We address the decision-making capability within an end-to-end planning framework that focuses on motion prediction, decision-making, and trajectory planning. Specifically, we formulate decision-making and trajectory planning as a differentiable nonlinear optimization problem, which ensures compatibility with learning-based modules to establish an end-to-end trainable architecture. This optimization introduces explicit objectives related to safety, traveling efficiency, and riding comfort, guiding the learning process in our proposed pipeline. Intrinsic constraints resulting from the decision-making task are integrated into the optimization formulation and preserved throughout the learning process. By integrating the differentiable optimizer with a neural network predictor, the proposed framework is end-to-end trainable, aligning various driving tasks with ultimate performance goals defined by the optimization objectives. The proposed framework is trained and validated using the Waymo Open Motion dataset. The open-loop testing reveals that while the planning outcomes using our method do not always resemble the expert trajectory, they consistently outperform baseline approaches with improved safety, traveling efficiency, and riding comfort. The closed-loop testing further demonstrates the effectiveness of optimizing decisions and improving driving performance. Ablation studies demonstrate that the initialization provided by the learning-based prediction module is essential for the convergence of the optimizer as well as the overall driving performance.

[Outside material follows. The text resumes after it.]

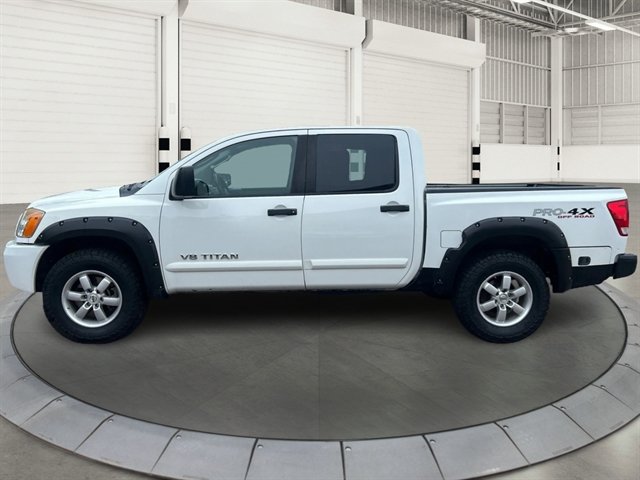 Used 2011 Nissan Titan PRO-4X w/ Pro-4x Premium Utility Pkg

翻译：我们针对一个专注于运动预测、决策制定和轨迹规划的端到端规划框架，探讨其决策能力。具体而言，我们将决策制定和轨迹规划表述为一个可微分的非线性优化问题，这确保了与基于学习的模块的兼容性，从而构建一个端到端可训练的架构。该优化引入了与安全性、行驶效率和乘坐舒适性相关的显式目标，以指导我们提出的流程中的学习过程。由决策任务产生的内在约束被整合到优化公式中，并在整个学习过程中得以保持。通过将可微分优化器与神经网络预测器相结合，所提出的框架实现了端到端可训练，使各项驾驶任务与由优化目标定义的最终性能目标保持一致。该框架使用Waymo Open Motion数据集进行训练和验证。开环测试表明，虽然使用我们方法的规划结果并不总是与专家轨迹相似，但其在安全性、行驶效率和乘坐舒适性方面始终优于基线方法。闭环测试进一步证明了优化决策和提升驾驶性能的有效性。消融研究表明，基于学习的预测模块提供的初始化对于优化器的收敛以及整体驾驶性能至关重要。